Every now and again, there's an Event Movie that gets released where it seems like it's your social obligation to go to the theater.  These movies will sweep the country by storm and make a couple of boatloads of cash.  Everybody's going to be talking about them and telling you that you just have to see this movie - it's amazing!  Then you finally watch it, and you find yourself just feeling kinda confused.  Not confused as in, "I didn't follow it," but confused as in, "Is this really what kids these days like?"

Suddenly, you're no longer a free-spirited movie-watcher, you're now some grumpy old curmudgeon who passes judgment on things that are popular.

I kinda don't care for The Avengers.  I don't hate it; I just don't love it.  But more to the point - I don't see how people can get into it.  Do kids really like Thor or the Hulk that much?  I can see the appeal of Iron Man, but that's really just because Robert Downey Jr. is so charismatic.  And people really find Scarlett Johansson talented?  Back in my day, a leading actress had to act, goddammit!

This movie makes me feel like I need to tear up the sidewalk in front of my house and plant a patch of grass, just so I can sit on my stoop and yell at people to get off my lawn.

10.  The First Time You Feel a Duty To Spread the Word About a Movie

I'm cheating a bit with this last one.  I was trying to do these in chronological order of how I saw the movies, but I don't want to end on The Avengers.  I want to end on a positive note, and the first example of this milestone happened many years ago.

If you watch enough movies long enough, you're eventually going to come to a point where you're watching things that nobody else around you has seen.  You're not going to be watching them for hipster cred (though it might not hurt).  You'll just happen to see something that was incredible and you realize that it only made a pittance during its run.  To avert the possible tragedy of the movie going unseen, you realize that you now have an obligation to tell everybody else about this movie.
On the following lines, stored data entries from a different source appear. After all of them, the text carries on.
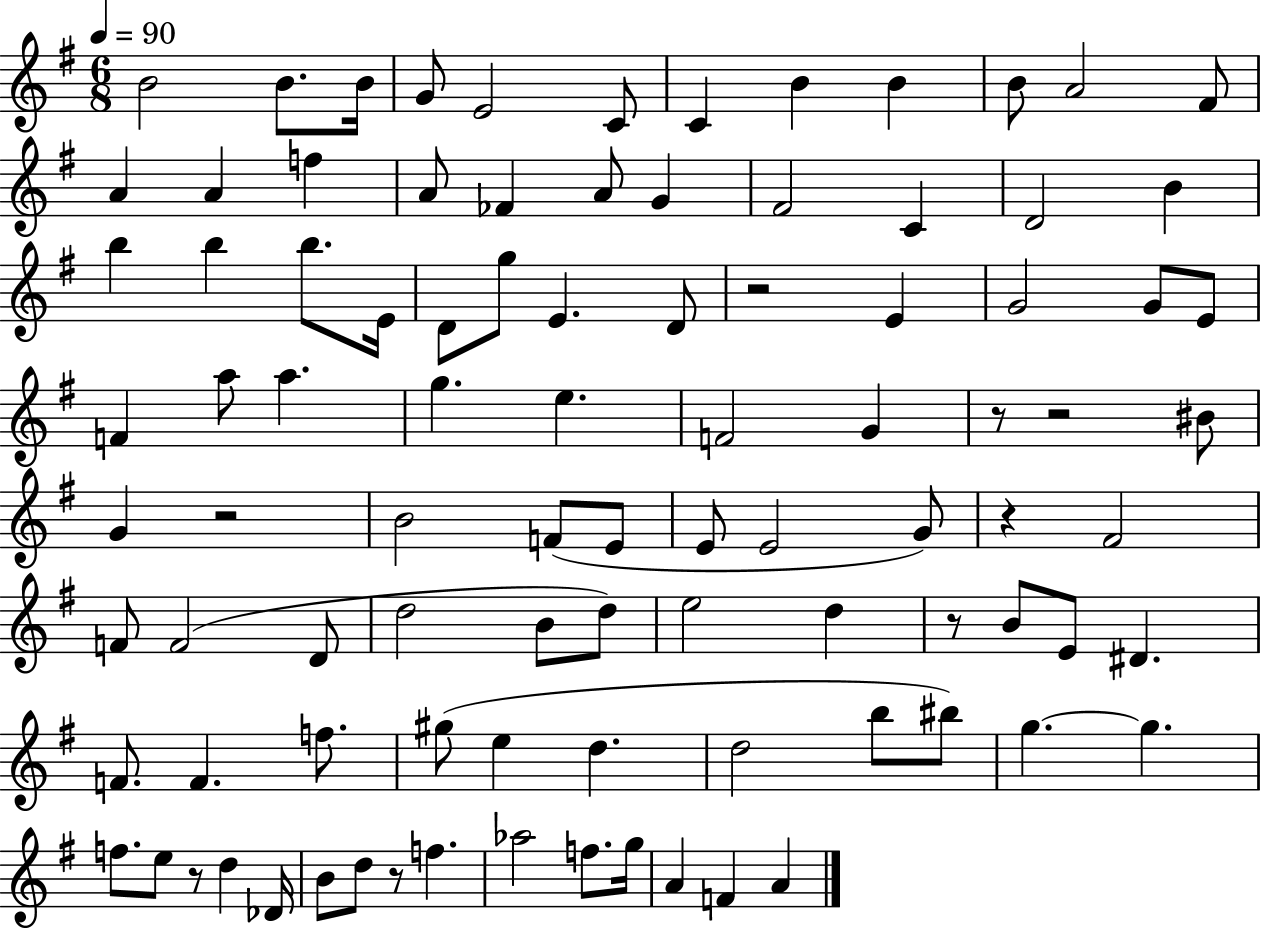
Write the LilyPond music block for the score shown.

{
  \clef treble
  \numericTimeSignature
  \time 6/8
  \key g \major
  \tempo 4 = 90
  b'2 b'8. b'16 | g'8 e'2 c'8 | c'4 b'4 b'4 | b'8 a'2 fis'8 | \break a'4 a'4 f''4 | a'8 fes'4 a'8 g'4 | fis'2 c'4 | d'2 b'4 | \break b''4 b''4 b''8. e'16 | d'8 g''8 e'4. d'8 | r2 e'4 | g'2 g'8 e'8 | \break f'4 a''8 a''4. | g''4. e''4. | f'2 g'4 | r8 r2 bis'8 | \break g'4 r2 | b'2 f'8( e'8 | e'8 e'2 g'8) | r4 fis'2 | \break f'8 f'2( d'8 | d''2 b'8 d''8) | e''2 d''4 | r8 b'8 e'8 dis'4. | \break f'8. f'4. f''8. | gis''8( e''4 d''4. | d''2 b''8 bis''8) | g''4.~~ g''4. | \break f''8. e''8 r8 d''4 des'16 | b'8 d''8 r8 f''4. | aes''2 f''8. g''16 | a'4 f'4 a'4 | \break \bar "|."
}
You should find a copy of Bad Boy Bubby as soon as you can and give it a watch.  Then just try and tell me that you aren't floored afterward.

I have never before or since seen a movie that manages to take the viewer on such a ride as this.  It literally takes every emotional state you can possibly think of and gives you a chance to feel it to as extreme an extent as you can.  It is the movie equivalent of manic depression: no high from any other movie can approach Bubby's highs, and no low can approach its lows.  It is a stellar example of a movie that really earns its ending.  And it manages to do all of this in under two hours and with a very limited budget.
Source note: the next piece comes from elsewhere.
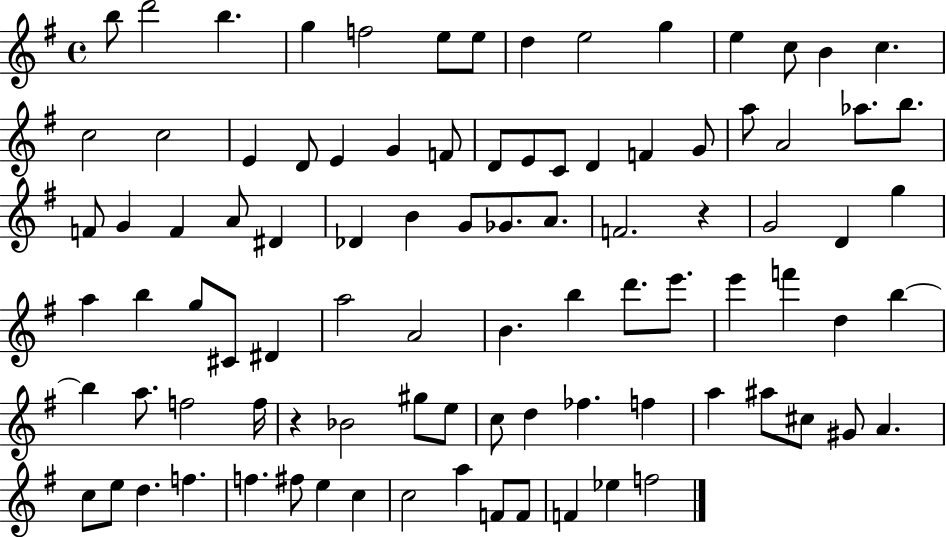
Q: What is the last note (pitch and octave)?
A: F5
I don't want to talk too much about the plot, because so much of it works better if you encounter the story elements the same way that the protagonist does.  Suffice to say, it's the story of a man who has been kept locked up in a single room for his entire life, and what happens to him when he finally leaves.

One warning, though.  This is not a movie for the faint of heart.  I don't mean that in the braggart sense that gorehounds use, as there's not really any blood.  I mean it in the sense that this movie will test you and your patience to deal with depravity.  When it hits, it hits hard.  You will be repulsed.  But you will also laugh.  If you watch it the whole way through, you'll find that it's actually quite uplifting.

I remember hearing Roger Ebert say once that the point of a critic isn't to talk about how shitty popular movies are; it's to talk about how great the more obscure movies are.  What better way to close out this list than with an example of exactly that?